Excerpts from a dataset –
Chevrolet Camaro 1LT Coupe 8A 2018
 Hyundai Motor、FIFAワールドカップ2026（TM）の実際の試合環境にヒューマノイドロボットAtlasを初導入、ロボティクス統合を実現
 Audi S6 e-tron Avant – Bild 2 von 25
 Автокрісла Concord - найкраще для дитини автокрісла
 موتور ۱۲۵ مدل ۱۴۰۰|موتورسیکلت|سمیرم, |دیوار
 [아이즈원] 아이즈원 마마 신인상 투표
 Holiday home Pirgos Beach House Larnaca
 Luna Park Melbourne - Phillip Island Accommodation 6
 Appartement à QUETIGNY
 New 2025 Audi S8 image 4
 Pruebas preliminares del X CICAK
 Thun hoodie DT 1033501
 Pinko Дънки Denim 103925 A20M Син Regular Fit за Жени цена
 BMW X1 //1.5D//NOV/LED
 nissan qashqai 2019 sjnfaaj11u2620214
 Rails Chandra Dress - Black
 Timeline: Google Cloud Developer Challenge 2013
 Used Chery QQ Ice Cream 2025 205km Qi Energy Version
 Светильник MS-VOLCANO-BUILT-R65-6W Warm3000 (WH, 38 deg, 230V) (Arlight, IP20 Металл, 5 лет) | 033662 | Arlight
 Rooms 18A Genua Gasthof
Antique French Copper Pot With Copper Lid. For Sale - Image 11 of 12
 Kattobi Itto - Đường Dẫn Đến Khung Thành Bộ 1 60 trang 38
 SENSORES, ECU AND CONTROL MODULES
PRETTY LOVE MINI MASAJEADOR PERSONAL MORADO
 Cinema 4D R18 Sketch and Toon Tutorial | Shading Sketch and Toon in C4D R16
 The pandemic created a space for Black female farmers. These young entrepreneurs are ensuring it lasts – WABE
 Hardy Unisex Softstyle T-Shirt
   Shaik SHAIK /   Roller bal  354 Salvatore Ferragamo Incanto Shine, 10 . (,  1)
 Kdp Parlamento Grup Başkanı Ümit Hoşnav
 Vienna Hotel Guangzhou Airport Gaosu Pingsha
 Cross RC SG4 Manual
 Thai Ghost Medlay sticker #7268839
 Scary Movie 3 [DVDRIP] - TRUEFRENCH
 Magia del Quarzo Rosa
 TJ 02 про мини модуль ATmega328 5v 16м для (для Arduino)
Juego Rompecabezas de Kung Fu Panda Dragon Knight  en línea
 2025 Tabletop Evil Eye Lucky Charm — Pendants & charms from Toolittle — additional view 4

Task brief –
Lines to set down from above: the line with "Автокрісла Concord - найкраще", the line with "Kdp Parlamento Grup Başkanı Ümit Hoşnav", and every line between, each exactly as written.

Result of the exercise –
 Автокрісла Concord - найкраще для дитини автокрісла
 موتور ۱۲۵ مدل ۱۴۰۰|موتورسیکلت|سمیرم, |دیوار
 [아이즈원] 아이즈원 마마 신인상 투표
 Holiday home Pirgos Beach House Larnaca
 Luna Park Melbourne - Phillip Island Accommodation 6
 Appartement à QUETIGNY
 New 2025 Audi S8 image 4
 Pruebas preliminares del X CICAK
 Thun hoodie DT 1033501
 Pinko Дънки Denim 103925 A20M Син Regular Fit за Жени цена
 BMW X1 //1.5D//NOV/LED
 nissan qashqai 2019 sjnfaaj11u2620214
 Rails Chandra Dress - Black
 Timeline: Google Cloud Developer Challenge 2013
 Used Chery QQ Ice Cream 2025 205km Qi Energy Version
 Светильник MS-VOLCANO-BUILT-R65-6W Warm3000 (WH, 38 deg, 230V) (Arlight, IP20 Металл, 5 лет) | 033662 | Arlight
 Rooms 18A Genua Gasthof
Antique French Copper Pot With Copper Lid. For Sale - Image 11 of 12
 Kattobi Itto - Đường Dẫn Đến Khung Thành Bộ 1 60 trang 38
 SENSORES, ECU AND CONTROL MODULES
PRETTY LOVE MINI MASAJEADOR PERSONAL MORADO
 Cinema 4D R18 Sketch and Toon Tutorial | Shading Sketch and Toon in C4D R16
 The pandemic created a space for Black female farmers. These young entrepreneurs are ensuring it lasts – WABE
 Hardy Unisex Softstyle T-Shirt
   Shaik SHAIK /   Roller bal  354 Salvatore Ferragamo Incanto Shine, 10 . (,  1)
 Kdp Parlamento Grup Başkanı Ümit Hoşnav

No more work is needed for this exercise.